Wolfgang Stranzinger est le directeur de Lomo AG.

Le Temps: Combien d'appareils avez-vous vendu depuis 1992?

Wolfgang Stranzinger: Nous comptabilisons nos ventes depuis 3 ans seulement, depuis la fondation de Lomographische Gesellschaft International. Nous avons vendu 200 000 Lomo sur cette période.

– Pourquoi avoir créé une entreprise?

– Gérer ce phénomène était devenu trop gros pour trois étudiants seuls. Tout notre temps était consacré aux voyages et à l'importation des appareils par des postes de douane perméables que nous avions repérés. On s'est dit qu'il n'y avait que deux solutions: soit on arrêtait, soit on en faisait un business dans les règles. Il nous a fallu convaincre les banquiers, ce qui n'était pas facile: la technologie russe n'a pas bonne presse! Après quelques difficultés financières en 1997, nous avons ouvert le site http://www.lomo.com l'année suivante, ce qui nous a permis d'augmenter nos ventes. Alors que 10% des Lomo sont vendus dans des magasins branchés comme Colette à Paris, ou APC à Tokyo, 90% des ventes se fait sur Internet, ce qui est considérable.

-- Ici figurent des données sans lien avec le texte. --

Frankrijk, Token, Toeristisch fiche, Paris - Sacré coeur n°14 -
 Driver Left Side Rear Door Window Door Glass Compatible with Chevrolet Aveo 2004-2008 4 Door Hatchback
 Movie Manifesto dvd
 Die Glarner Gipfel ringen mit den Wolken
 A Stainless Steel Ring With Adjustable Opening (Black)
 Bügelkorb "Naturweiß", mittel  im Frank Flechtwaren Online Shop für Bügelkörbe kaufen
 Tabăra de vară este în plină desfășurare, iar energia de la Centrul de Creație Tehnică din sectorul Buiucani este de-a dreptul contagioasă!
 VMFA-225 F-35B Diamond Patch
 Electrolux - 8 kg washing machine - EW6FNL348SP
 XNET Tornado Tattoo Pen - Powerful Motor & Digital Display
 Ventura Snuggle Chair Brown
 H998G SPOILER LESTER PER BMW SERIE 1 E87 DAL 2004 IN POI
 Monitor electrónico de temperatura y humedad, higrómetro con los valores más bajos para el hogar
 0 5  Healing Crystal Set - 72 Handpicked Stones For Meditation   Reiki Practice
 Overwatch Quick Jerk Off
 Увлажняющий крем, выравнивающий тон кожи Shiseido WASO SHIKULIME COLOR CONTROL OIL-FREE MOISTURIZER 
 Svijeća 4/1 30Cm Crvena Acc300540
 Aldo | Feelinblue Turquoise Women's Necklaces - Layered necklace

– Considérable est le mot puisque vous êtes depuis propriétaire de l'immeuble qui abrite vos bureaux, non?

– Heu… (il hésite) oui. J'ai acheté cet immeuble avec deux amis. Nous le louons à la société.

– Quelles sont selon vous les raisons du succès de la lomographie?

– Ce succès est venu parce qu'on ne l'a jamais voulu. Ce que les gens ont aimé, c'est cette absence de marketing. La lomographie est avant tout une manière amusante de regarder le monde. Le Lomo change notre manière de le photographier. Nous disons: «Oubliez les règles!». Nous avons décomplexé les personnes pour qui la photo est nécessairement quelque chose de compliqué et de pas drôle du tout. Et puis il y a aussi les ambassades de la Lomographic Society qui jouent un rôle primordial. Elles organisent les expositions, montent les Lomowalls, et tout lomographe peut participer à ces événements. C'est un réseau de passionnés qui fait vivre la lomographie.

– A ce propos, de nombreux ambassadeurs ont émis des critiques sur votre système. Certains ont dû payer de leur poche le montage d'expositions, les marges sur les ventes étaient jugées insuffisantes. Dans l'ensemble, c'est un fort sentiment d'injustice qui prédominait. L'impression de faire tout le travail mais de ne rien en retirer. Qu'en est-il aujourd'hui?

– C'est effectivement arrivé. Mais depuis que nous sommes une «Net Company», nous avons changé la structure des ambassades. Avant, les ambassadeurs étaient comme franchisés. Ils percevaient un pourcentage sur les ventes qui variait selon les pays. Par ordre décroissant il y avait le Japon, les USA, l'Europe et le reste du monde. Aujourd'hui, nous avons des employés. En tout cas pour ce qui concerne New York et Tokyo où les membres des ambassades sont salariés. D'autres villes devraient suivre si le niveau des ventes se maintient. Mais il faut bien séparer les événements dont nous sommes maîtres d'œuvre et les initiatives des ambassades franchisées.

– Sans Internet, le Lomo aurait-il survécu?

– Non, la production était arrêtée. Le volume des commandes sur nos sites n'a convaincu qu'à moitié Arkady Kobistky, le directeur général de LOMO. Pour l'autre moitié, il a fallu l'intervention de personnalités russes et autrichiennes.